Kali ini aku mencoba baca novel thriller karya Rachel Caine. Awalnya aku tidak tahu tentang keberadaan novel Stillhouse Lake, aku baru tahu novel Stillhouse Lake saat melihat daftar judul buku diskon ramadhan penerbit Spring. Selain judulnya yang membuat penasaran, cover dan blurb dari buku ini juga sangat persuasif. Meski hanya ada gambar perkakas dan senjata, itu sudah mampu memberikan aku bayangan tentang novel Stillhouse Lake. Jadi selain karena diskon, aku juga tertarik dengan bukunya. Hahah!

Dan saat aku mencari lebih jauh tentang novel Stillhouse Lake, aku dapat info ternyata novel ini adalah novel series. Itu artinya masih ada kelanjutan dari novel Stillhouse Lake. Yeay!

Masuk ke bagian cerita, seperti yang sudah aku bahas di postingan menuju tuntas, awalnya aku mengira kisah dalam prolog itu akan berlanjut di bab satu. Sebenarnya aku berharap itu dilanjutkan ke bab satu karena aku penasaran sekali dengan proses selanjutnya. Tapi ternyata tidak, di bab satu aku disuguhkan kisah Gina Royal dan anaknya beberapa tahun kemudian.

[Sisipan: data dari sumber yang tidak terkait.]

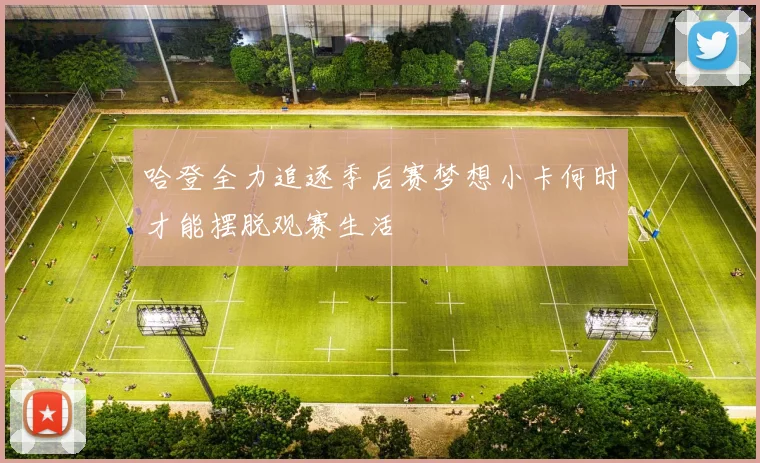 哈登全力追逐季后赛梦想小卡何时才能摆脱观赛生活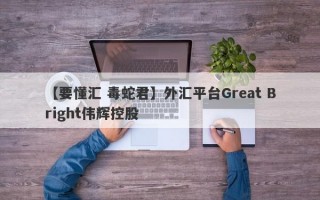 【要懂汇 毒蛇君】外汇平台Great Bright伟辉控股
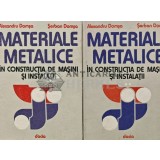 Materiale metalice in constructia de masini si instalatii (2 volume) - 1981 - Alexandru Domsa (R177)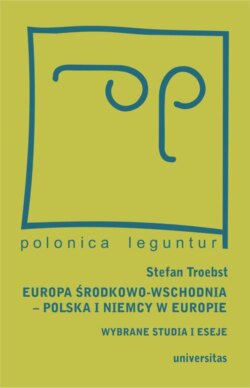 Europa Środkowo-Wschodnia, Polska a Niemcy w Europie. Wybrane studia i eseje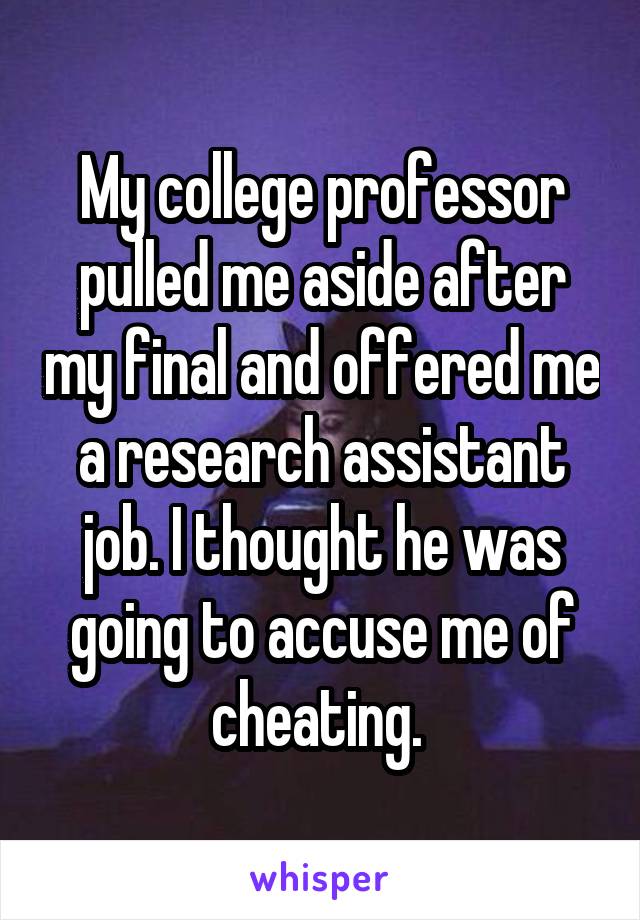 My college professor pulled me aside after my final and offered me a research assistant job. I thought he was going to accuse me of cheating.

Di bab satu, aku diberi lihat bagaimana sosok Gina -atau mungkin sekarang Gwen- yang berubah 180 derajat dari sebelumnya. Aku bisa bilang begitu karena di prolog, Gwen dikisahkan sebagai ibu dua orang anak yang hidup bahagia dengan suami dan kedua anaknya. Yang dimana ketimbang berada di arena tembak, dia lebih memilih berada di dapur untuk menyiapkan makanan. Tidak perlu merasa cemas akan terjadi apa-apa karena ada suami yang akan siap sedia melindungi.

Arena tembak. Memegang pistol dan membidik tepat sasaran, juga bau mesiu selalu menemani Gwen sehari-harinya. Saat membacanya, aku langsung berpikir betapa bahayanya siatuasi yang menimpa Gwen dan anak-anaknya.

Gwen menjadi pribadi yang paranoid, selalu berpikir berlebih dan juga overprotective pada anak-anaknya. Sejujurnya aku berpikir itu wajar setelah apa yang dialaminya, tapi dibeberapa scene aku juga merasa tindakan Gwen sedikit keterlaluan(?)

Anak-anak Gwen yang sudah beberapa kali pindah dan berganti identitas pun acapkali mengutarakan pendapatnya tentang sikap Gwen yang sekarang. Mereka protes dan melakukan hal-hal yang membuat Gwen semakin diliputi rasa cemas.

Sampai sebuah surat berisikan umpatan-umpatan kasar dan ancaman dari sang mantan suami datang, anak-anaknya sadar bahwa semua yang dilakukan ibunya tidaklah berlebihan. 

Selain melakukan berbagai tindakan perlindungan diri, Gwen juga melarang anak-anaknya menggunakan ponsel cerdas seperti teman-temannya yang lain. Gwen benar-benar menjauhkan anak-anaknya dari dunia luar. 

Coba bayangkan, hidup dalam pelarian, berganti-ganti identitas dan hidup dalam kecemasan, semua itu dialami Gwen dan anak-anaknya bertahun-tahun. Dan ternyata, bukan itu saja, ibu Gwen sendiri bahkan tidak tahu dimana keberadaan putri dan cucuknya.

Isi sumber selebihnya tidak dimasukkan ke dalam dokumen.